Im Rahmen der Organisationspsychologie geht es vor allem um die Erforschung des Einflusses von Organisationsstrukturen und Arbeitsgruppen sowie die Interaktionen der Menschen innerhalb der Organisationen. Es geht vordergründig um die Beantwortung der Frage, wie eine Organisation das Verhalten ihrer Mitglieder so gestalten kann, dass es einen Beitrag zu den Zielen der Organisation leistet.
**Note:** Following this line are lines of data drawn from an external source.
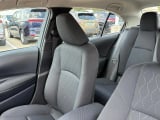 2026 Toyota Corolla - Preview 11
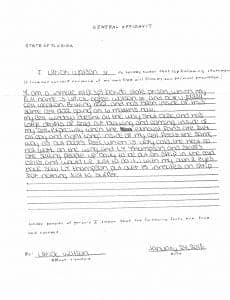 From-Retaliation-to-Torture-Affidavits-Ulrick-Watson-Sr.-6-web-230x300, From retaliation to torture in a Florida prison unfit for habitation, Behind Enemy Lines 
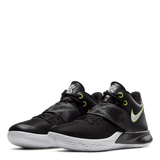 Kyrie Flytrap 3 -Volt
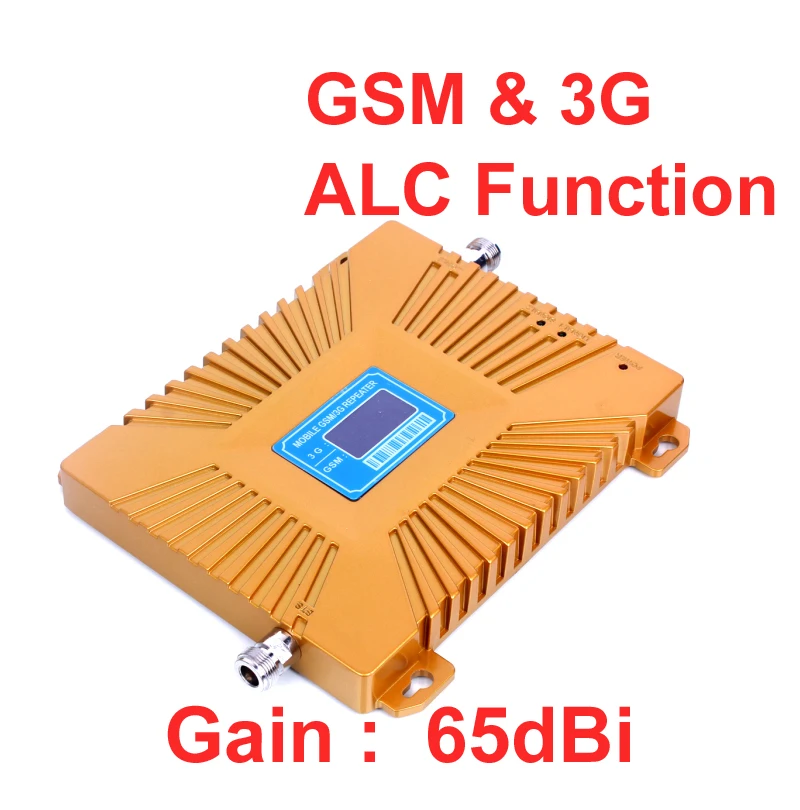 GSM booster dual band GSM900 3G 2100MHz ALC function lower noice 900mhz booster phone repeater,phone booster gsm wcdma repeater
GSM booster dual band GSM900 3G 2100MHz ALC function lower noice 900mhz booster phone repeater,phone booster gsm wcdma repeater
Beispielsweise zählt auch die Beratung des Managements im Hinblick auf Planung und Verwirklichung von Veränderungsprojekten zu einer typischen Aufgabe eines Organisationspsychologen (Kauffeld, 2014, S. 4).

 

  • Tätigkeit als Trainer oder Coach:

Während im Rahmen einer Tätigkeit als Trainer in aller Regel die eigenständige Aufbereitung sowie Vermittlung von Inhalten in einem festen Zeitfenster mit mehreren Teilnehmern im Mittelpunkt steht, handelt es sich im Vergleich dazu bei einem Coaching um eine individuell gestaltete Sitzung, an der nur ein Klient und der Coach anwesend sind, und in dessen Kontext an den derzeitigen situativen Erfordernissen des Klienten gearbeitet wird. Somit geht es beim Coaching also um die persönliche Weiterentwicklung des Klienten. Es werden Lösungen herausgearbeitet, inwiefern aktuelle Herausforderungen bestmöglich bewältigt werden können (Mendius & Werther, 2014, S. 93).

 

  • Tätigkeit als Unternehmensberater:

„Unternehmensberatung ist eine von einem oder mehreren unabhängigen, eigenverantwortlichen, professionellen Berater(n) individuell für die Klientenorganisation marktmäßig erbrachte Dienstleistung, welche darauf ausgerichtet ist, in einem interaktiven, kommunikativen, sozialen Prozess gemeinsam mit dem Klienten eine ihn betreffende Problemstellung zu identifizieren und ein Lösungskonzept zu erarbeiten sowie auf Wunsch auch dessen Implementierung zu unterstützen.“ (Najda, 2001, S. 9). Als fundiert ausgebildeter Psychologe ergibt sich hier beispielsweise die interessante Möglichkeit, sich in einem Spezialgebiet – etwa Kommunikation oder Konfliktmanagement – als Selbstständiger auf dem Beratermarkt anzubieten (Mendius & Werther, 2014, S. 108).

 

  • Tätigkeit als Markt- und Meinungsforscher:

Auch diese berufliche Sparte zeichnet sich durch vielfältige Aufgabenstellungen aus. Im Rahmen von Forschungsprojekten kann es aus Marketing-Sicht beispielsweise um Produktvariationen, Preismodelle, Werbemittelforschung, Markenwahrnehmung oder Absatzkanäle gehen. In Bezug auf Kunden kann der fachliche Schwerpunkt von Projekten etwa auf deren Konsumgewohnheiten (Entscheidungsverhalten, Suchverhalten, Nutzungsverhalten) sowie auf der Kundenmeinung (Kundenloyalität, Kundenzufriedenheit) liegen. Auch die Untersuchung der Medienreichweite könnte ein mögliches Themengebiet sein (Mendius & Werther, 2014, S. 114).

 

Zwischenfazit

 

Insgesamt lässt sich an dieser Stelle festhalten, dass sowohl der Bereich der Klinischen Psychologie als auch der wirtschaftspsychologische Bereich eine Vielzahl spannender und abwechslungsreicher Tätigkeiten bereithält. Das Psychologiestudium stellt die theoretische Basis für die Ausübung dieser vorgestellten Berufe dar. Der vorliegende Artikel stellt dabei den 1. Teil der Berufsübersicht dar. Im Rahmen eines Folgebeitrags sollen daher weitere psychologische Karrierewege umrissen werden.

 

Literatur

 

Bamberg, Eva; Mohr, Gisela; Busch, Christine (2012): Arbeitspsychologie. Göttingen [u.a.]: Hogrefe (Psychlehrbuchplus).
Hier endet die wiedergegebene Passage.